A Coastside crisis seven years ago prompted Dr. Lorraine Page to adopt a new method of providing patients with primary care that’s becoming a rising trend among doctors nationwide.

Instead of handling insurance billing herself, Page eschews an office and dealing with reimbursements altogether. Now, she simply bills her patients directly for her time when she visits them in their homes.

“It’s very personalized; it’s true family practice,” said Page. “It turns out to be something I truly enjoy.”

Although she may be among the first, Page is by no means the only doctor to stop dealing with insurance altogether. Some doctors offer concierge medicine or retainer medicine, while others provide direct primary care, and Page says she hasn’t really put a label on her own billing model. But the number of doctors nationwide who are choosing to bypass the headache of handling insurance claims has increased, although it remains a small percentage of doctors overall. Nationwide, around 3 percent of members of the American Academy of Family Physicians currently practice with a direct primary care model of delivery, double the number of doctors who did so just two years ago. The rate of direct pay doctors may still be low, but a decade ago they were nearly nonexistent: in 2005, there were fewer than 150 doctors in the country who provided direct primary care nationwide, according to a Government Accountability Office report.

Page was forced to adjust her care model seven years ago with the Coastside Family Medical Center where she practiced in Half Moon Bay closed with no advance notice. The clinic’s 8,000 patients were left suddenly without doctors. “To fill in the gap, I started seeing people at home, and that’s how this got started,” said Page. “It’s worked for me.”

Page now charges patients depending on how long appointments take. “I set a timer at the start of the appointment,” she said. “Kind of like an attorney bills by the hour, but I’m a lot cheaper.” If Page’s patients have a preferred provider organization health insurance plan, they can be reimbursed for out-of-network care.

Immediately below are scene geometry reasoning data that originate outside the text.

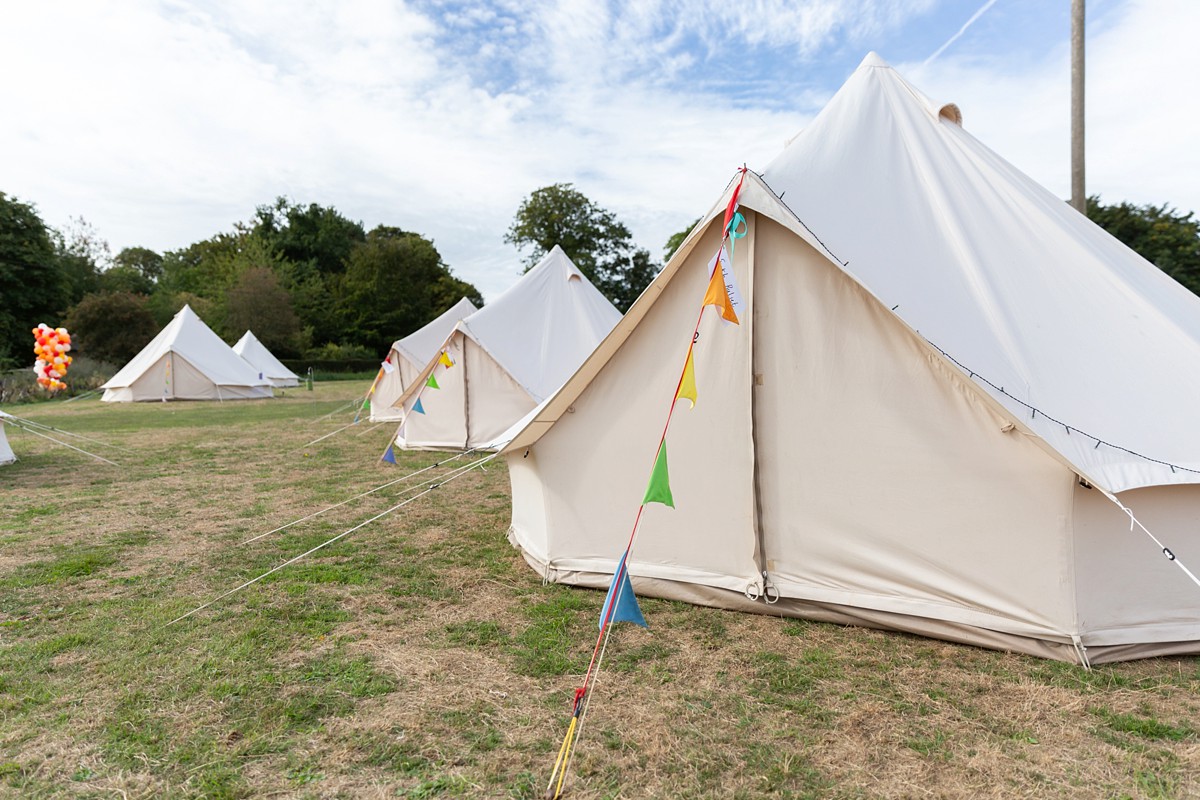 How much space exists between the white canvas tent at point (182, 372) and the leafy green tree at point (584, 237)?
19.8m

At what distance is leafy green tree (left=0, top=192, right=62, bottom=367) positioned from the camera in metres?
27.8

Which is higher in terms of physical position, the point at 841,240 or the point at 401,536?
the point at 841,240

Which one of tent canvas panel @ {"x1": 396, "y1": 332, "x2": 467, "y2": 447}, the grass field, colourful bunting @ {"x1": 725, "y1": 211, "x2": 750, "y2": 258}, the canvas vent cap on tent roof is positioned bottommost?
the grass field

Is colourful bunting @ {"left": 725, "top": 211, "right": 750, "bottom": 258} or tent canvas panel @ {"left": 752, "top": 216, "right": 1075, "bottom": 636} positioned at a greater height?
colourful bunting @ {"left": 725, "top": 211, "right": 750, "bottom": 258}

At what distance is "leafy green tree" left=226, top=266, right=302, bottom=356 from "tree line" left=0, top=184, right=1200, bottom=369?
0.19 ft

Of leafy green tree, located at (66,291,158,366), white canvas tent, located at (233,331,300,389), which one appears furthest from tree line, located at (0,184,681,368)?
white canvas tent, located at (233,331,300,389)

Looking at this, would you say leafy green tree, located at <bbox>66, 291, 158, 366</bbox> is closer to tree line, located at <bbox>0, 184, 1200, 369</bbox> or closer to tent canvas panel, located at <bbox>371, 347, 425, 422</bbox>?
tree line, located at <bbox>0, 184, 1200, 369</bbox>

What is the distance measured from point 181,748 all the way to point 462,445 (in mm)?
7900

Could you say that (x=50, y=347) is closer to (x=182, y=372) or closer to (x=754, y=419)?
(x=182, y=372)

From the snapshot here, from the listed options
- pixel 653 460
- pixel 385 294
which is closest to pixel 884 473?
pixel 653 460

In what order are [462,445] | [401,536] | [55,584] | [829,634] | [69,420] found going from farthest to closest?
[69,420]
[462,445]
[401,536]
[55,584]
[829,634]

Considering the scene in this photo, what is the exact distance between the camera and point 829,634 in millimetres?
3264

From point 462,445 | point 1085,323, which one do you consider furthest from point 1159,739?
point 462,445

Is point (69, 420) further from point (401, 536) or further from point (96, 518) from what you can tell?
point (401, 536) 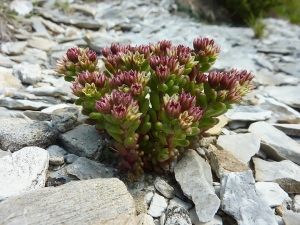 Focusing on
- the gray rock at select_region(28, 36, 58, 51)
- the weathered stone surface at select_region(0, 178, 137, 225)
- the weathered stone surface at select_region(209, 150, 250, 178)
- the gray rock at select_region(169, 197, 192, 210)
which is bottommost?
the gray rock at select_region(169, 197, 192, 210)

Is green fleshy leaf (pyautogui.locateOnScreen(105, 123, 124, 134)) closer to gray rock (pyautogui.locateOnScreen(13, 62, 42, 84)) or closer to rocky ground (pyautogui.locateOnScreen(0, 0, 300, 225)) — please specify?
rocky ground (pyautogui.locateOnScreen(0, 0, 300, 225))

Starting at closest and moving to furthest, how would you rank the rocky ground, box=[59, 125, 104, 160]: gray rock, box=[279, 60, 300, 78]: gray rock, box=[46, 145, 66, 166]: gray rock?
1. the rocky ground
2. box=[46, 145, 66, 166]: gray rock
3. box=[59, 125, 104, 160]: gray rock
4. box=[279, 60, 300, 78]: gray rock

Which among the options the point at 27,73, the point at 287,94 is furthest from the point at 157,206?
the point at 287,94

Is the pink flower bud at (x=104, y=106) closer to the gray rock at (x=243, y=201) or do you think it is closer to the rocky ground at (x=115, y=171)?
the rocky ground at (x=115, y=171)

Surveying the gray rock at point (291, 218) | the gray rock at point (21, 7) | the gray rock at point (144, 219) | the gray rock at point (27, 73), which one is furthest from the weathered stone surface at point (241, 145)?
the gray rock at point (21, 7)

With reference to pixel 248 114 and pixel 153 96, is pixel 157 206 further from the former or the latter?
pixel 248 114

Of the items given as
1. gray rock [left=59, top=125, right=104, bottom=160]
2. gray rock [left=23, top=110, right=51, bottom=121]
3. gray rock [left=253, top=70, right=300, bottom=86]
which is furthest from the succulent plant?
gray rock [left=253, top=70, right=300, bottom=86] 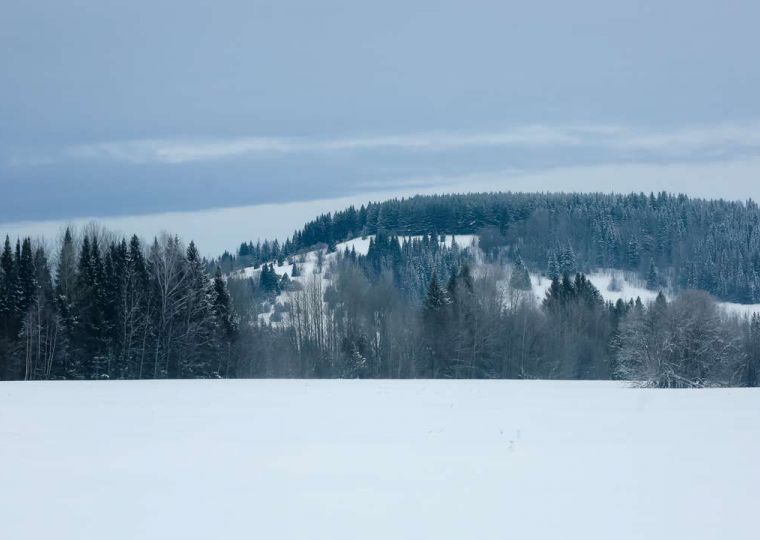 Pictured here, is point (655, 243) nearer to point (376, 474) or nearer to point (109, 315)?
point (109, 315)

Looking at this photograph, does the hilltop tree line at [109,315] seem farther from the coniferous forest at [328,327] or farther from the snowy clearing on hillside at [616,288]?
the snowy clearing on hillside at [616,288]

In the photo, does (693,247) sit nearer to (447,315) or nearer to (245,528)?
(447,315)

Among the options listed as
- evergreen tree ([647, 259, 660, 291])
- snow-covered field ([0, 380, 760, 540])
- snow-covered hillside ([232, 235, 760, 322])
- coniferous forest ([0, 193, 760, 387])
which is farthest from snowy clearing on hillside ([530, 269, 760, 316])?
snow-covered field ([0, 380, 760, 540])

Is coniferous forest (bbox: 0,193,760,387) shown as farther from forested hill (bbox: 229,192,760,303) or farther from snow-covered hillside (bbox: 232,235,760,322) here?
forested hill (bbox: 229,192,760,303)

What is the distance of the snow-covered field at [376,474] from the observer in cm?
924

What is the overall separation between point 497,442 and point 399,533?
6.74m

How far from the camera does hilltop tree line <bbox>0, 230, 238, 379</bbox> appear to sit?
53.9 m

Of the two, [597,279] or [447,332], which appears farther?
[597,279]

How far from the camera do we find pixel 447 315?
7556 centimetres

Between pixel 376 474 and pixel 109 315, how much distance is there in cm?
4729

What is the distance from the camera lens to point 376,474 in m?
12.1

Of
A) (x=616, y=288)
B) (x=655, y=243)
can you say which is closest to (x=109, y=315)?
(x=616, y=288)

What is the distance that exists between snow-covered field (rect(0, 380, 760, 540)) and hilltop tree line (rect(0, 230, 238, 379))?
34963mm

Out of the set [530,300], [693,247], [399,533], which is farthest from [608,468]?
[693,247] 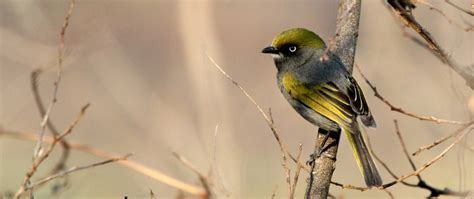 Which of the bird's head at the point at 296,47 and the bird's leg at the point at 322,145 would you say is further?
the bird's head at the point at 296,47

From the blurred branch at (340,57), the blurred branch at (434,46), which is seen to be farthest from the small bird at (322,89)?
the blurred branch at (434,46)

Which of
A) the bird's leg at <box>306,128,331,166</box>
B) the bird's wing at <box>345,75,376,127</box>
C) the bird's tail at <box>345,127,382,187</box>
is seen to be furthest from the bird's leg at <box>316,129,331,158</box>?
the bird's wing at <box>345,75,376,127</box>

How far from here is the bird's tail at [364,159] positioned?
5.25 meters

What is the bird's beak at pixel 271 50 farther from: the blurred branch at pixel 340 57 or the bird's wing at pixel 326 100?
the blurred branch at pixel 340 57

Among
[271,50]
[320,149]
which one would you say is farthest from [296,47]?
[320,149]

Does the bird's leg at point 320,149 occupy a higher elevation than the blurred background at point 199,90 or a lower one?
lower

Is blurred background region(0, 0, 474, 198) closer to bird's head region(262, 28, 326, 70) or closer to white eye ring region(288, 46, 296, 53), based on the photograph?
bird's head region(262, 28, 326, 70)

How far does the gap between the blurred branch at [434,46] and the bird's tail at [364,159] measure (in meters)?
1.67

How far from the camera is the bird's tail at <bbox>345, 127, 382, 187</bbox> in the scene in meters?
5.25

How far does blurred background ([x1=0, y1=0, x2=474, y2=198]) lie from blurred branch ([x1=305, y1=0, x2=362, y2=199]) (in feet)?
1.06

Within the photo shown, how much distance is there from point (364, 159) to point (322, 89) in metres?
0.79

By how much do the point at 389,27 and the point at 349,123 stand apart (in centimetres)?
224

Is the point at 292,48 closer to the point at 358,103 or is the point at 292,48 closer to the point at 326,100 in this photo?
the point at 326,100

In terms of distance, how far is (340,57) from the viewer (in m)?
5.25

But even for those who have insurance plans that don’t accept out-of-network care, many of Page’s patients have plans with such high deductibles that they won’t be reimbursed for primary care regardless. “They still pay for their primary care, and people aren’t minding to do that as much.”

A few of Page’s patients have dropped their insurance plans altogether, a move she doesn’t recommend.

For Page, the advantages of the new billing system are both holistic and economic. Her overhead costs have fallen from well over 50 percent of her revenue to less than 10 percent now. “I just have my car and my gas and my supplies,” she said. “What was kind of enlightening to me the first year I started doing this was I don’t need an office. Most of what I do is talking to people, diagnosing, and advising,” she said. “Everything I need, I can do mobile.”

And her patients appreciate that mobility, says Page. “I’m getting more young families because I can see their kids in their home after school,” she said. “And it doesn’t make sense for sick people to go to the office.”

Sidestepping the hassle of insurance billing isn’t without its critics, though. Some detractors say that if a patient drops his or her insurance plan in favor of direct pay or concierge medicine, it can pull the wealthiest or healthiest patients out of the insurance pool, leaving behind the sickest and poorest — forcing their premiums to rise. Others say that the current shortage of primary care doctors who accept insurance will only be exacerbated if they see only wealthier patients who can afford to pay out-of-pocket.

And there’s one patient population that Page doesn’t currently see. She doesn’t see low-income patients on Medicare or Medicaid, and “that’s one population I have a little guilt about not taking care of unless they can afford it,” said Page.

But Medicare and Medicaid don’t reimburse for home visits unless there’s a valid reason why the patient can’t get to the doctor, she said. Page says she has a hard time imagining that Medicaid will ever change its stance toward house calls, “just because of the bureaucracy of it. Things change so slowly in medicine,” she said. “I’m not going to wait for the system to change. I’m just going to do what I can now to take care of people.”